Monday, February 11, 2013

PAPA "RESIGNES" ...what's next ? No God ???perhaps GOD will follow ?????!!!

Dear Brothers,
I have convoked you to this Consistory, not only for the three canonisations, but also to communicate to you a decision of great importance for the life of the Church. After having repeatedly examined my conscience before God, I have come to the certainty that my strengths, due to an advanced age, are no longer suited to an adequate exercise of the Petrine ministry.
I am well aware that this ministry, due to its essential spiritual nature, must be carried out not only with words and deeds, but no less with prayer and suffering. However, in today’s world, subject to so many rapid changes and shaken by questions of deep relevance for the life of faith, in order to govern the bark of Saint Peter and proclaim the Gospel, both strength of mind and body are necessary, strength which in the last few months, has deteriorated in me to the extent that I have had to recognise my incapacity to adequately fulfil the ministry entrusted to me.
For this reason, and well aware of the seriousness of this act, with full freedom I declare that I renounce the ministry of Bishop of Rome, Successor of Saint Peter, entrusted to me by the Cardinals on 19 April 2005, in such a way, that as from 28 February 2013, at 20:00 hours, the See of Rome, the See of Saint Peter, will be vacant and a Conclave to elect the new Supreme Pontiff will have to be convoked by those whose competence it is.
Dear Brothers, I thank you most sincerely for all the love and work with which you have supported me in my ministry and I ask pardon for all my defects.

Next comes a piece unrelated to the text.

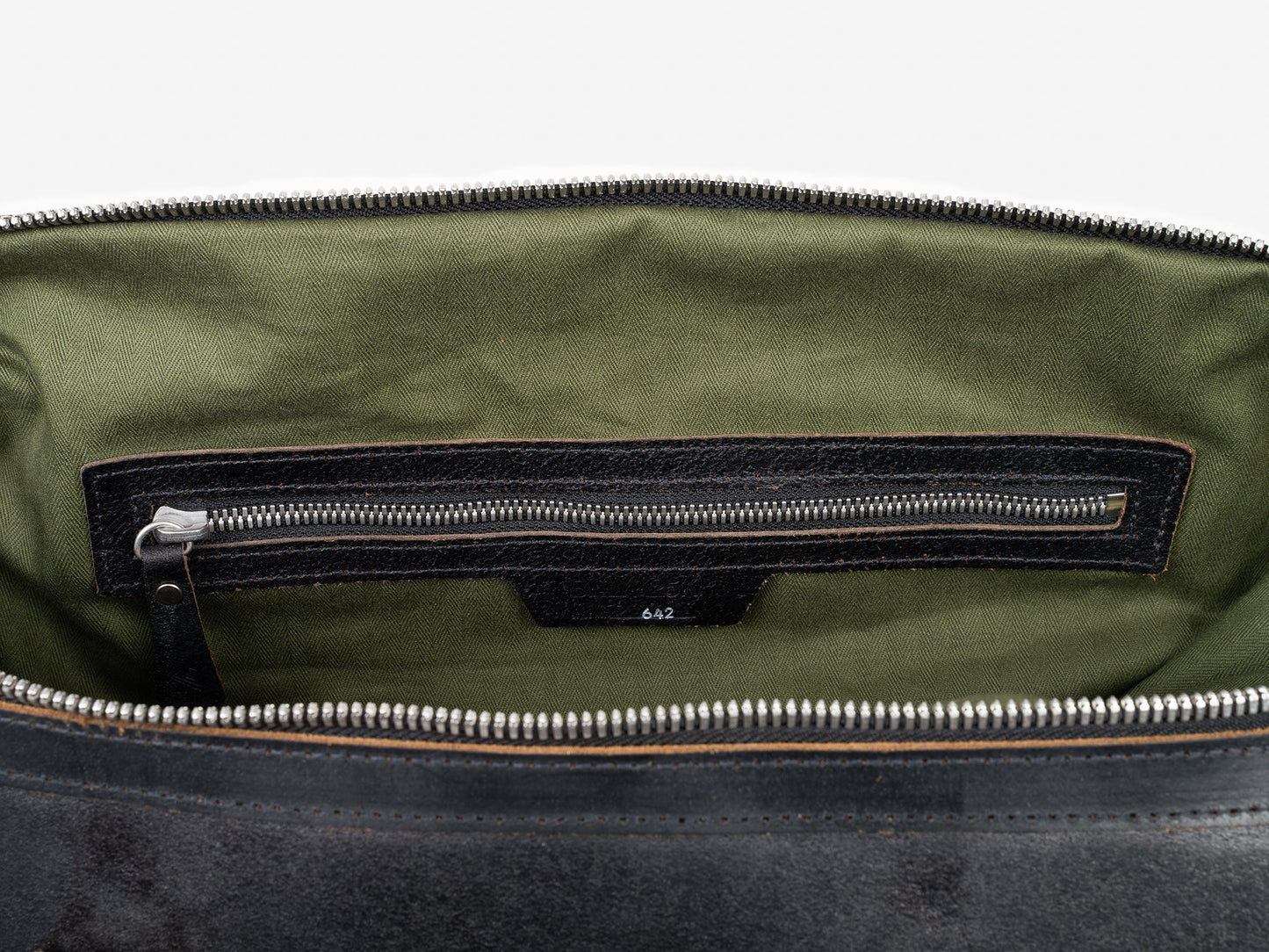 No. 642 Small Carryall, Black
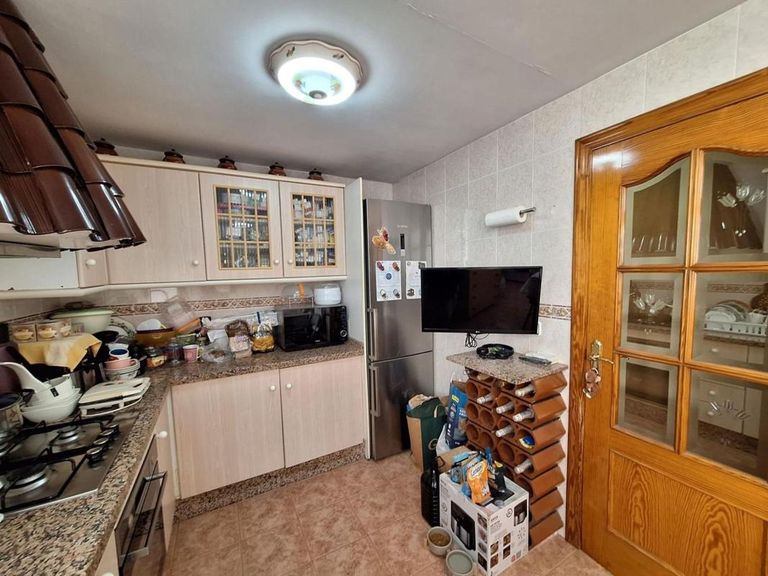 Property thumbnail 8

And now, let us entrust the Holy Church to the care of Our Supreme Pastor, Our Lord Jesus Christ, and implore his holy Mother Mary, so that she may assist the Cardinal Fathers with her maternal solicitude, in electing a new Supreme Pontiff. With regard to myself, I wish to also devotedly serve the Holy Church of God in the future through a life dedicated to prayer.
From the Vatican, 10 February 2013
BENEDICTUS PP XVI

6 comments:

Anonymous said...

Good riddance to the old nazi.

Anonymous said...

Oh, dear Lord. I suspect this means there's a horrible scandal (even more scandal). Pope's don't resign, even when they're at death's door.

Anonymous said...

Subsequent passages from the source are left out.